馬乗り攻撃の図
馬乗り攻撃が特に有効であったのは、壕の構造に脆弱性がある場合であった[要出典]。
たとえば本部半島の渡辺山に存在した退避壕は、各壕の出入口が一箇所に限られ、内部で他の壕と連結されておらず、敵側に面した斜面に銃眼も備えていなかった。また、山頂の塹壕と地下壕を接続する通路も存在せず、地下壕はあくまで砲撃からの退避目的に限られていた[要出典]。
このような単純な構造の壕においては、敵の接近に気付かずに出入口を制圧された場合、内部の人々は完全に戦闘能力を失い、壕全体が無力化される。反撃口や連絡通路を備えた壕であれば、別の場所からの反撃が可能であるが、渡辺山のような簡易壕ではそのような手段も封じられていた[要出典]。
そのため米軍は、丘の上など壕の真上に位置する地点から、地下の壕の位置を推測し、垂直に穴を掘ってガソリンなどの可燃性液体を注入した。この戦法は、壕の出入口が制圧された段階で内部の抵抗を完全に封じることができ、兵士だけでなく壕内に避難していた非武装の民間人にも壊滅的な被害を与えた[要出典]

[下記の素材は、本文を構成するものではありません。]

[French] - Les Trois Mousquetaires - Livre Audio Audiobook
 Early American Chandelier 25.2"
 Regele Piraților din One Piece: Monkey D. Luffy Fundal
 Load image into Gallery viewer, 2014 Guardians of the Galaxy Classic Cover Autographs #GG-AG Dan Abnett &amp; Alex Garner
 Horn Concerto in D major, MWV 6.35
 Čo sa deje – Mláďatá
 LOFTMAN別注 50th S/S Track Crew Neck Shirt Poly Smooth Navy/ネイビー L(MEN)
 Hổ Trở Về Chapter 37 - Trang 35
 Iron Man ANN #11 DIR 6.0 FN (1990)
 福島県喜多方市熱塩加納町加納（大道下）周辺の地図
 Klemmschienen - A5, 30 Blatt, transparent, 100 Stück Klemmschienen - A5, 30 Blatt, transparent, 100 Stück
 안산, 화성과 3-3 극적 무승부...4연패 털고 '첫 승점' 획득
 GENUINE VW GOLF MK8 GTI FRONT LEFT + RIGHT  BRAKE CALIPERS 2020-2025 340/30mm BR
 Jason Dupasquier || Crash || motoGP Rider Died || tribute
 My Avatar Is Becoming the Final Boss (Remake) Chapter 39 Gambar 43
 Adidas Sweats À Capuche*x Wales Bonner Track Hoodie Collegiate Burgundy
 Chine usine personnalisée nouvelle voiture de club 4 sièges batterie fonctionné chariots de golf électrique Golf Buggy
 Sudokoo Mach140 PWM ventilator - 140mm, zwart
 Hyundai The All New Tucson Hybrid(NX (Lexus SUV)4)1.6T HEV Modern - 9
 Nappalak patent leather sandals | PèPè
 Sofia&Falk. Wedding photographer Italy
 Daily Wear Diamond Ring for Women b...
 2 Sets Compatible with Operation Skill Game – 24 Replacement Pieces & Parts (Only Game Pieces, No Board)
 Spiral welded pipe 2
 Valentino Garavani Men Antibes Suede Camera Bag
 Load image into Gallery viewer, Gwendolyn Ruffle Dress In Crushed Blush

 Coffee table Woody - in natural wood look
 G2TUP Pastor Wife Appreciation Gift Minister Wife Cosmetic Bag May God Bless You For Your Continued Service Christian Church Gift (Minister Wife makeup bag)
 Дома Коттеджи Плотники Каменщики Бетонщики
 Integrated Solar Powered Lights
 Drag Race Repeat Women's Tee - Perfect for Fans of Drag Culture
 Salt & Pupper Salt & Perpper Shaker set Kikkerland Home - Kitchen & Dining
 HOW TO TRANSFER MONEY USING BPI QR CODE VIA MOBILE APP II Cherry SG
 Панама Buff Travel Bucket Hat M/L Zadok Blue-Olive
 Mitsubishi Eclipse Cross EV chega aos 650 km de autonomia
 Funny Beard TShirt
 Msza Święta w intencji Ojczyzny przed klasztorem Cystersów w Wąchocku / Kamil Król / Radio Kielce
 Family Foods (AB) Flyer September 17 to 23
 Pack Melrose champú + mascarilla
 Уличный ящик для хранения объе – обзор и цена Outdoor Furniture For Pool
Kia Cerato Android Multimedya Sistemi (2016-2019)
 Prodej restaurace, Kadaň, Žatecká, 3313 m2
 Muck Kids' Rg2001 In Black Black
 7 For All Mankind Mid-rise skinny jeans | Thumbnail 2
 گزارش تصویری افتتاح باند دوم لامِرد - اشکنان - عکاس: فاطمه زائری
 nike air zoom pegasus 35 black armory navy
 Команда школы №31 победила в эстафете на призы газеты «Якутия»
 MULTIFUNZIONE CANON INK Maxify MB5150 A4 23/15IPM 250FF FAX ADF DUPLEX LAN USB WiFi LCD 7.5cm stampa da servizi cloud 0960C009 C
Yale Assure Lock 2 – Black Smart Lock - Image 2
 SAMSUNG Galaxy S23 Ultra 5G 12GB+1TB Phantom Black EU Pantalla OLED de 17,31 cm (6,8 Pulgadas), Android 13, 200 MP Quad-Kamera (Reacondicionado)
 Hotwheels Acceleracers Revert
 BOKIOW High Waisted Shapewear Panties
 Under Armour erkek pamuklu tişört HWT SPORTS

複数の陣地が相互に火線を交差させて防御している場合には、こうした攻撃は妨害を受ける可能性があったが、孤立した壕では反撃の手段が一切ないため、米軍は人的損害をほとんど出すことなく制圧を行うことができた[要出典]。
なお、同様の戦術には爆薬の使用もあったが、ガソリンなどの液体燃料は注入が容易であり、壕内の空気を燃焼させて酸欠状態にする効果があるため、窒息死による被害も多発したとされる[要出典]。